Отец Владимир – Почетный гражданин города Касимова. Окончил механико-математический факультет Московского государственного университета, затем Ленинградскую духовную семинарию, Московскую духовную академию, стал кандидатом богословия. На протяжении многих лет вел занятия в воскресной школе Касимова, активно содействовал открытию в городе православной общеобразовательной школы, охотно откликался на приглашения выступить перед молодежной аудиторией.
Со своей супругой Ниной Ивановной воспитал двух дочерей и четырех сыновей, из которых трое стали священниками. У батюшки девятнадцать внуков. Среди них три священника, три диакона, две внучки – матушки-попадьи. Подрастают двадцать шесть правнуков. Он отошел ко Господу 23 мая 2021 года.
В этом году протоиерею Владимиру Правдолюбову исполнилось бы 90 лет.
– Отец Владимир, каждый человек приходит к Богу по-своему. Одного Он касается в детстве, другого – в юности, третьего – в зрелых летах. Какой была Ваша первая встреча с Творцом?

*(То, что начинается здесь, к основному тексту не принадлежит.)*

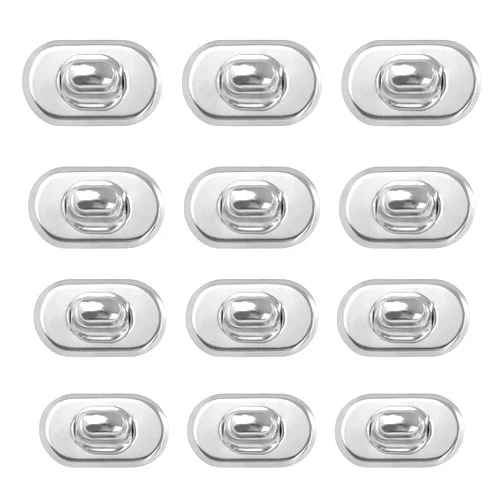 Framendino, 12 Pack Silver Turn Lock Clasps Purse Closure Twist Lock Fastener Metal Bag Turn Locks Clip Clasp Hardware for DIY Craft Bag Handbag Project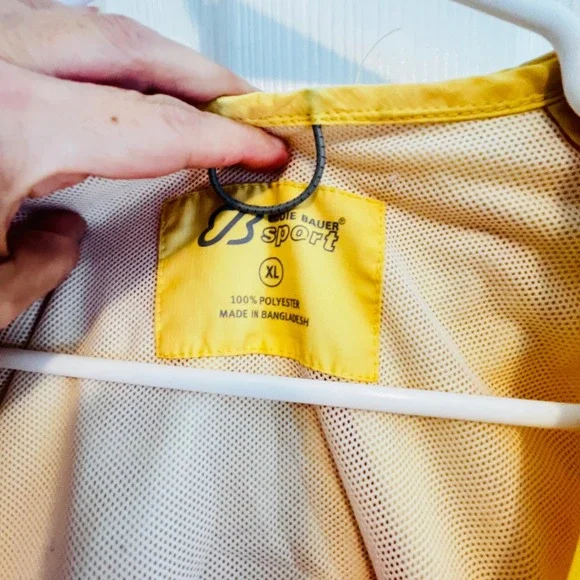 Eddie Bauer Yellow Sport Hooded Lightweight Zip Up Rain Jacket XL GorpCore - Picture 7 of 10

– Однажды моего друга по Ленинградской духовной семинарии спросили: «Как вы пришли к Богу?». На что он ответил: «А я от Него никуда не уходил». То же самое могу сказать о себе, но добавлю, что от Бога мы все-таки уходим, совершая грехи. И возвращаемся к Нему через покаяние. Причем не только на исповеди. Должно быть ежедневное и даже ежеминутное раскаяние. Необходимо постоянно отслеживать греховные помыслы, тут же просить у Господа прощения и помощи в этой духовной борьбе.
Я родился в 1931 году в благочестивой семье и был шестым, младшим ребенком. С ранних лет меня воспитывали в православной церковности. Церковнославянский язык я выучил раньше русского. Однако ежедневные домашние молитвы, чтение Священного Писания, богослужения создавали будничное отношение и притупляли возвышенное чувство к религиозной жизни. Так что неофиты по сравнению со мной имеют преимущество – они встречаются с Богом с великой радостью. С одной стороны, я счастлив, что родился в православной семье, а с другой – ощущаю свое несовершенство из-за недостаточной ревности по Богу.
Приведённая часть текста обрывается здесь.